If Canadian defence research is expected to address such a wide array of operational needs today, even with our comparatively meagre defence spend ($33.8B, 1/39% GDP in FY24/25), how much more can we imagine when it reaches 2%, projected to $57.8B FY29/30 (Department of National Defence, DND) or $81.9B FY32/33 (Parliamentary Budget Office, PBO) [link] or 5% GDP – an absolute increase between 4 and 6 times our current expenditures? This represents a fundamental shift in how federal funding is allocated and distributed to meet Canada’s national priorities and so cannot be a case of simply doing more of the same thing. We can and should expand our imagination to meet the expansion of possibility that such a profound rearticulation of defence resourcing affords. Over-reliance on foreign innovation and industry bases to provide for Canadians in times of crisis is a serious vulnerability that can now be addressed through defence investments in advanced education and training pipelines for robust technological, manufacturing, and logistic capabilities. The research capabilities and training programs that exist within our universities and colleges are an existing strategic advantage that defence can leverage to improve processes ranging from material procurement to contingency planning to recruiting. National investment into critical communications, utility, and material infrastructures can reclaim a level of decision-making control over networks that we have allowed to be sold and outsourced.

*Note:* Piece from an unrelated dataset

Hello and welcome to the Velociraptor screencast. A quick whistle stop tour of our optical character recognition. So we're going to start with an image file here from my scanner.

Establishing DND/CAF as a large, reliable customer can enable private sector ventures to take on greater challenges in high-cost/high-reward areas including space, drug development, and computation. 

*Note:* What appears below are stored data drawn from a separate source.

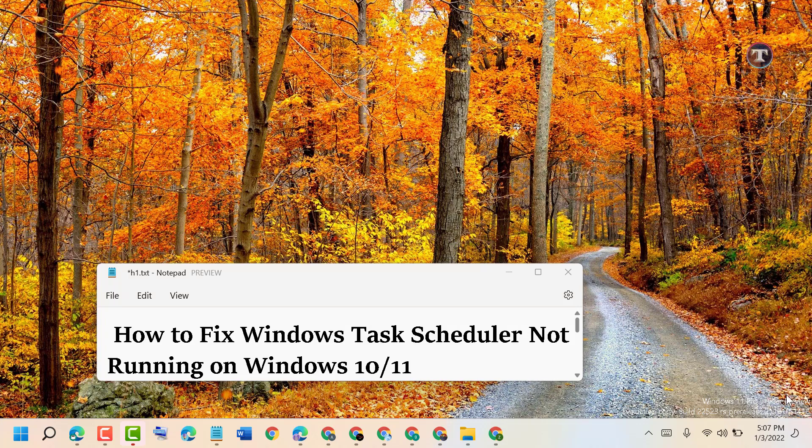Hello friends, today in this video I will show you how to fix Windows Task Scheduler not running on Windows 10 or 11.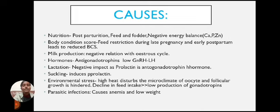Hormonal causes include anti-gonadotropins, low gonadotropin-releasing hormone (GnRH), and low luteinizing hormone (LH). Lactation also has a negative impact, as prolactin is an anti-gonadotropin hormone, and suckling further induces prolactin secretion.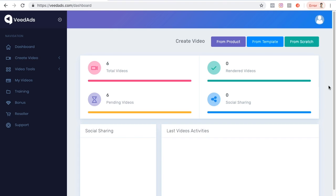Hey there, Champ here, and today I'm going to show you how to create video ads in 2019 and beyond. I'm going to show you how to do this in an easy way. There are a lot of ways to do this — professionals use tools like Adobe After Effects and Premiere Pro — but right now I'm going to show you how to use an easy-to-use tool called Vid Ads to create trendy social videos for your video ad campaigns.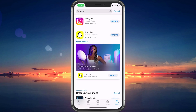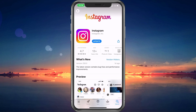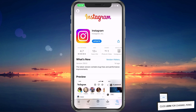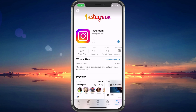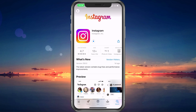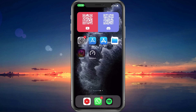First of all, open up your App Store or Google Play Store. From here, look up Instagram and ensure yourself that the application is up to date. When this is done, you can proceed to check if the Messenger icon is visible.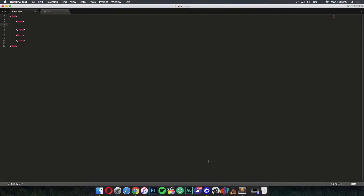Go over to Sublime Text — that's my text editor — but you can use anything including Notepad or Notepad++. Sublime Text is free and you can download it for both Mac and Windows.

Joining our contemporaries in dedicating 15-20% of our defence spending on research and development in ten years under a 5% GDP scheme amounts to an annual research investment on the order of our entire recent budgets for DND. Concomitant institutional support, along with a substantial increase in the scientific expertise employed within the public service, will be necessary for the responsible allocation and distribution of so much public funding. Each country has its own history and political character, so while we can and should look to other nations, Canada will need to develop its own solution that respects our multiple sovereignties, laws, and traditions. I am excited for the prospect of a virtuous circle growing between Canadian academia, industry, and defence team partners. 

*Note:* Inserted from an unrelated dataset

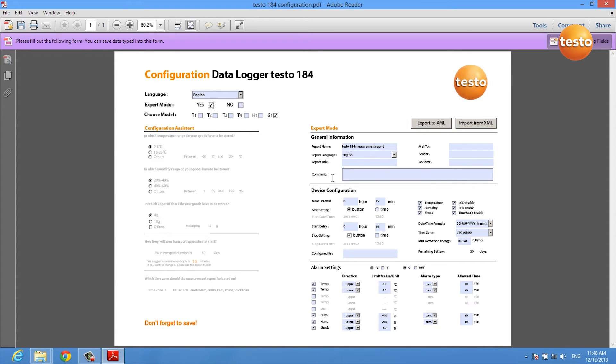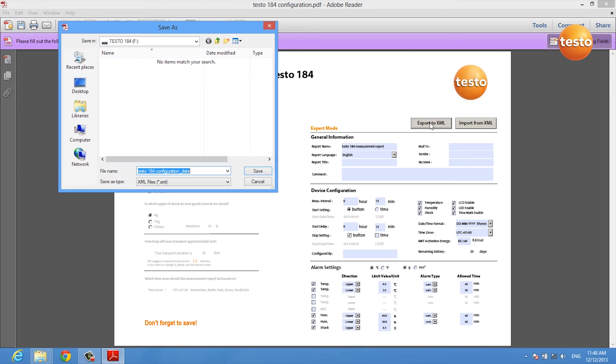After you've done all the configuration in here, you export the configuration to an XML file which you save on the data logger itself.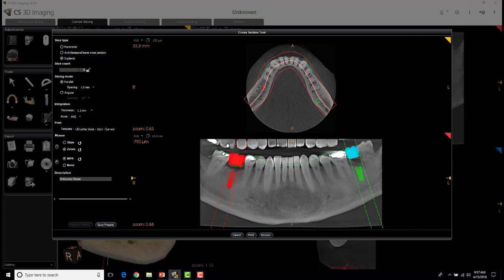On the left-hand side you can see the number of slices and the spacing — one millimeter spacing — and then the integration, which is the thickness. That's basically how thick or thin each of the slices are that you're actually looking at. This is the intervals and this is how they're actually viewed.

Canada’s dramatic change in defence posture reflects how close we suspect the sources of conflagration may be and the trust we are willing to place in our inflammability. With this shift in spending on Canadian security and defence we can and must expect it to produce a more secure and defensible Canada. A robust national academic and industrial research and innovation ecosystem, the training and development opportunities it affords, the technologies and industries it produces, and the widespread public benefits it generates have always been central to defence. Dedicating an amount of new spending proportional to the benefit that Canadians deserve to expect from defence research and innovation will prove to be a key enabler of the modern defence mission.